Material supplied |
★ ★ ★ ★ ★
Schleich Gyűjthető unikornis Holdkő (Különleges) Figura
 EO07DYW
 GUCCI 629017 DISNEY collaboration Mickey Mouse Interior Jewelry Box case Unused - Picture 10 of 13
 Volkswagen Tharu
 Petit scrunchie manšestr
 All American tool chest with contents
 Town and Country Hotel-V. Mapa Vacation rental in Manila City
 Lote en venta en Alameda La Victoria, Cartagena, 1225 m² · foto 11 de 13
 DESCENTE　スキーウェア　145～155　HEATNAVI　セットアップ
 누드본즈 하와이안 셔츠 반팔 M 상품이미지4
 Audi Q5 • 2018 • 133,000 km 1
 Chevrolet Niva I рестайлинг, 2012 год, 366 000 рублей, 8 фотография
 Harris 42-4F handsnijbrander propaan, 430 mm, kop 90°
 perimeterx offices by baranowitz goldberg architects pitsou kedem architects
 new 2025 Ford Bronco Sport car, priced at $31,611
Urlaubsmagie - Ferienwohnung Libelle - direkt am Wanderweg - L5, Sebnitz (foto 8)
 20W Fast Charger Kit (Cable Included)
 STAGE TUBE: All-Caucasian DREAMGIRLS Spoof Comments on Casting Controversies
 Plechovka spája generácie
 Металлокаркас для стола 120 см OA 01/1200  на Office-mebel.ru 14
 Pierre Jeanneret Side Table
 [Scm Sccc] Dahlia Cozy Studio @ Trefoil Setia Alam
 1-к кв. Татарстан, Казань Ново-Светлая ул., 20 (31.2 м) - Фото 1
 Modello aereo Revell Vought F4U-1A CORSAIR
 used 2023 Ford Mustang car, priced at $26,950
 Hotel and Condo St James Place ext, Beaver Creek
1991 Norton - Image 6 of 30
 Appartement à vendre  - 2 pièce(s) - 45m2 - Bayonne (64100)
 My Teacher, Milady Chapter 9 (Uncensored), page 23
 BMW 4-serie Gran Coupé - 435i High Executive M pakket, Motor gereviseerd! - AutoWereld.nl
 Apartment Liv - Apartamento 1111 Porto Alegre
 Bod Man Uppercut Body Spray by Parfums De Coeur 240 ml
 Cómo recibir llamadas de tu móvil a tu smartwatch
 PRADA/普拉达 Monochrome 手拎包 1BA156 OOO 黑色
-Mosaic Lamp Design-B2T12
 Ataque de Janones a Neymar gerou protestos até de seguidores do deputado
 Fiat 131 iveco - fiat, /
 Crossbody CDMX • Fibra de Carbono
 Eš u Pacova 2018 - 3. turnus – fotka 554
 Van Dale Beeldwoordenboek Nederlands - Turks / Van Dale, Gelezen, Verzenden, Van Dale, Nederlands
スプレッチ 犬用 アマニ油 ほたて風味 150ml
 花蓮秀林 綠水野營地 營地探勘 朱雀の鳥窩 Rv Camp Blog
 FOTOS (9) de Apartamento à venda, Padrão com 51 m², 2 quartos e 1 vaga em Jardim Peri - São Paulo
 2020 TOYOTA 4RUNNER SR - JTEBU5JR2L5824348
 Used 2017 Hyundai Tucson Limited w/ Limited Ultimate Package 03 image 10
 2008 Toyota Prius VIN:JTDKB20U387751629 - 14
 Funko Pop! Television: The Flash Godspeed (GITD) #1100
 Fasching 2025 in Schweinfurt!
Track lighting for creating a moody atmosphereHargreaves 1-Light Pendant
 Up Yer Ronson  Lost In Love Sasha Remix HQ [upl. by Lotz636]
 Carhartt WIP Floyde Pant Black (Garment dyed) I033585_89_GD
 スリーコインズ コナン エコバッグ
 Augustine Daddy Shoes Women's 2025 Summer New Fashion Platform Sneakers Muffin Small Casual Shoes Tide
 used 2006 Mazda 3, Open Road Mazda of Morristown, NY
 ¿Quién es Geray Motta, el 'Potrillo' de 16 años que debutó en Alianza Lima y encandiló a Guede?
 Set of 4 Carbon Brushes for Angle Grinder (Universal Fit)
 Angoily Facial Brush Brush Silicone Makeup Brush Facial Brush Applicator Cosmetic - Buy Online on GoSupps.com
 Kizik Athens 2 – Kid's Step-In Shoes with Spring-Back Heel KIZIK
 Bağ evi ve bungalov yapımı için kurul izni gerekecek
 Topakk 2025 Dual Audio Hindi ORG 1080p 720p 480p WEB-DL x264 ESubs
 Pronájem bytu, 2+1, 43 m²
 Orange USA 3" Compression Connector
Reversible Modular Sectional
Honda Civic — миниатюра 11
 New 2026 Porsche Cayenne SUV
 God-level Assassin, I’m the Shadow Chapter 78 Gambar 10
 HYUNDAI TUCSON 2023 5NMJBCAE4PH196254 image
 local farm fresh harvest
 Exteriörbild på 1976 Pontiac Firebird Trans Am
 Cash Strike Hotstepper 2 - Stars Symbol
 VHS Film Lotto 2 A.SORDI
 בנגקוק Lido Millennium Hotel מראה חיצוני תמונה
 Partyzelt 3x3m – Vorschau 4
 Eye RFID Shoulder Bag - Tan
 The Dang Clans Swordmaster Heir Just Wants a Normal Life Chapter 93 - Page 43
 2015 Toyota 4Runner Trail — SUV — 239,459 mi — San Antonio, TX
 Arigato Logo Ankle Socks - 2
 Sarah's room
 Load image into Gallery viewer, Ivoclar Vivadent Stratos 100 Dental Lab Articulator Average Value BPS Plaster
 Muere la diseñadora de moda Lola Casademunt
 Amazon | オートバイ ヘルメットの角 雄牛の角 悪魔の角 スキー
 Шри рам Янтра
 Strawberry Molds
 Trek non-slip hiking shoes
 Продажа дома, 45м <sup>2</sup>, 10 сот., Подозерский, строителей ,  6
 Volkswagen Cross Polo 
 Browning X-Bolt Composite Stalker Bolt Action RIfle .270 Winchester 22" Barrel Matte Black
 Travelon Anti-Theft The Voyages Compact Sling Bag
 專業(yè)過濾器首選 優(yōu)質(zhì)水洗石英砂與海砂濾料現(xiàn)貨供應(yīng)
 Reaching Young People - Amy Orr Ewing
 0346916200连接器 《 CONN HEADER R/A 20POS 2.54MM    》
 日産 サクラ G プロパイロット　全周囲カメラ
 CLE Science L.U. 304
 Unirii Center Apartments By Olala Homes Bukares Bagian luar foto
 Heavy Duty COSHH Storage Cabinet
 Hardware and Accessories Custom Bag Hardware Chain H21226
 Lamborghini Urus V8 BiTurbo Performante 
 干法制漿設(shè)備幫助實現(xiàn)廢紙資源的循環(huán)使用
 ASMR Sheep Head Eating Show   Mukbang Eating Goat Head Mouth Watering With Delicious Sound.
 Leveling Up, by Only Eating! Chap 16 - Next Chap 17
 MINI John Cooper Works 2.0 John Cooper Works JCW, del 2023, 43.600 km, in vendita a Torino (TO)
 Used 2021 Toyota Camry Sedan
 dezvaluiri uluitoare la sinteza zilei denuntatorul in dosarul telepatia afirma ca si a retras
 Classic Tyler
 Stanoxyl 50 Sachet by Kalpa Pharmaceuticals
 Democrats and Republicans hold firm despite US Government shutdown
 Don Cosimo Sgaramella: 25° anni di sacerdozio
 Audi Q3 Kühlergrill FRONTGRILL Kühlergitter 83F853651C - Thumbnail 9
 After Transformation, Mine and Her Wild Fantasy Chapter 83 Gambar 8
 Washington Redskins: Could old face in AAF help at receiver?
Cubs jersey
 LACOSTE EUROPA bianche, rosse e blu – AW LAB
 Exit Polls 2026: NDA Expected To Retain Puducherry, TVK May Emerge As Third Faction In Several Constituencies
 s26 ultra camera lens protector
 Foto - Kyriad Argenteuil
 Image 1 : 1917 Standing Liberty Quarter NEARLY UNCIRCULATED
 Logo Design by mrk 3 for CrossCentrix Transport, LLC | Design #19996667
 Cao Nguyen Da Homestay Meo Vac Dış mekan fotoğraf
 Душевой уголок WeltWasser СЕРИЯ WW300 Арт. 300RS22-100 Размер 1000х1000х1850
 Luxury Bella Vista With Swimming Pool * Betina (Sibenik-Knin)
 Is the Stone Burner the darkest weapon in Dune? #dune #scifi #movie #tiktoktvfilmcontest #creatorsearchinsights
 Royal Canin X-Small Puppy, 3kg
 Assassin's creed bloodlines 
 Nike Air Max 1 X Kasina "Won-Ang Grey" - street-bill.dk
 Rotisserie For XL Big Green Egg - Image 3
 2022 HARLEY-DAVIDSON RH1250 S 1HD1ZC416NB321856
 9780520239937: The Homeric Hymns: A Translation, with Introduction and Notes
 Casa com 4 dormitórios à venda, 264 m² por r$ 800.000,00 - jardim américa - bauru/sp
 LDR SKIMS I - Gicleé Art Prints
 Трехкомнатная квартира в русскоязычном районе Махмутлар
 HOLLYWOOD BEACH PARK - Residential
★ ★ ★ ★ ★
Exercise aim | Write out word for word only the lines from the start of the entries down to the line with "Harris 42-4F handsnijbrander", please, including both ends.

The answer |
Schleich Gyűjthető unikornis Holdkő (Különleges) Figura
 EO07DYW
 GUCCI 629017 DISNEY collaboration Mickey Mouse Interior Jewelry Box case Unused - Picture 10 of 13
 Volkswagen Tharu
 Petit scrunchie manšestr
 All American tool chest with contents
 Town and Country Hotel-V. Mapa Vacation rental in Manila City
 Lote en venta en Alameda La Victoria, Cartagena, 1225 m² · foto 11 de 13
 DESCENTE　スキーウェア　145～155　HEATNAVI　セットアップ
 누드본즈 하와이안 셔츠 반팔 M 상품이미지4
 Audi Q5 • 2018 • 133,000 km 1
 Chevrolet Niva I рестайлинг, 2012 год, 366 000 рублей, 8 фотография
 Harris 42-4F handsnijbrander propaan, 430 mm, kop 90°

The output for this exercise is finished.